Звериная жестокость, ядовитая лживость, кровожадность — Марлин разбирала по косточкам каждое слово Лестрейнджа, каждый его поступок, каждую черту, но не могла ничего из этого углядеть. Зло под плащом и маской оказалось обычным человеком.

Нет, не обычным. К ним вообще это слово неприменимо. К тому же, насколько смогла понять из сухих книжных строк Марлин, обычные люди в ритуалистике не выживают.

Так что правильнее было сказать — «нормальным».

Нормальный человек, рассуждающий об убийствах, как о чём-то неприятном, но разумном? К тому же, что такое норма? Некое усреднённое значение, почему-то признанное благоприятным. Опять же, не для них.

Адекватным? Вменяемым?

Адекватный, вменяемый человек не пойдёт пытать и убивать налево и направо! Даже за благородную идею!

Но ведь последние «уступки» в Ордене грозят превратиться в те самые пытки и убийства без разбора правых и виноватых — лишь бы выместить боль и гнев. Не может же Дамблдор этого не осознавать?

А раз осознаёт, но всё равно допускает? Раз, зная, что на другой стороне такие же живые люди, намеренно использует обезличенное понятие «зло»? И красит мир в два цвета, заставляя и других верить, что нет других цветов?

Пытки и убийства — это зло. Значит, Орден Феникса — зло? Но ведь Пожиратели однозначно не добро…

Стоп. Как она может осуждать Дамблдора, если сама даже в мыслях пытается поделить мир на чёрное и белое?
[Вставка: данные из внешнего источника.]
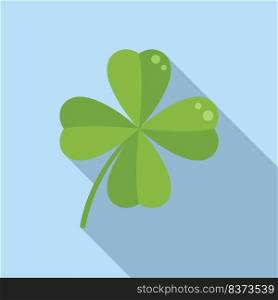 Happy clover icon flat vector. Irish luck. Lucky day. Happy clover icon flat vector. Irish luck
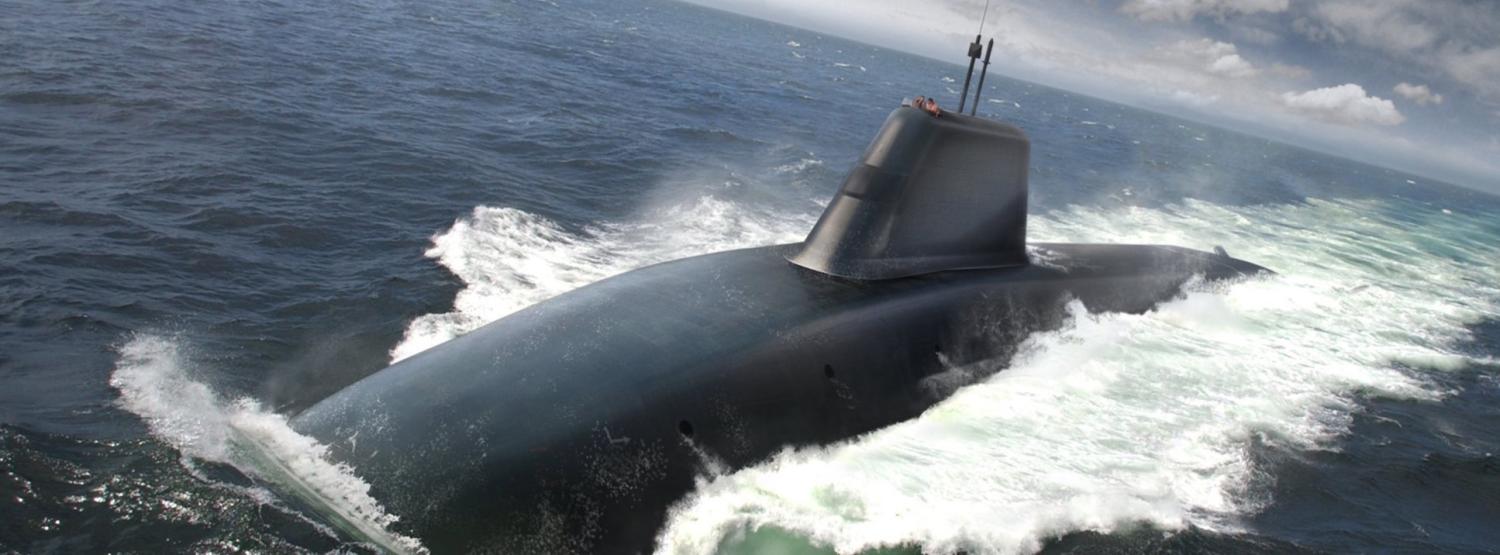 An artist's impression of the Dreadnought-class submarine (Photo: BAE Systems)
Как она вообще может осуждать Дамблдора?

К третьему дню подобных размышлений Марлин готова была на стенку лезть. Мысли — здравые, вроде, но совершенно кощунственные — бегали в её голове по кругу, как игрушечный паровозик по кругу из рельс и шпал, и ни на минуту не останавливались. Она не понимала, как можно после двадцати пяти лет в стройной системе ценностей такое думать вообще. Она не понимала, как можно было двадцать пять лет жить бездумно. Она вообще ничего не понимала!

— Чего не понимаешь?

Марлин подавила желание запустить в заглянувшего за ширму соседа чем-нибудь тяжёлым. Это всё он, сволочь, виноват! Заронил в голову одним своим видом зерно сомнения — вот оно и расцвело, как матушкины фиалки по весне. Она уже сама с собой разговаривать начала — до палаты для душевнобольных в Мунго рукой подать.

Сволочь?.. Запустить?..

Откуда в ней, покладистой и беспроблемной, вдруг взялось столько яркой и острой злости, Марлин тоже не понимала. Раздражало всё: затянутые речи Дамблдора, насмешливое пренебрежение Грюма, душная забота матери… Лестрейнджа — так вообще убить иногда хотелось.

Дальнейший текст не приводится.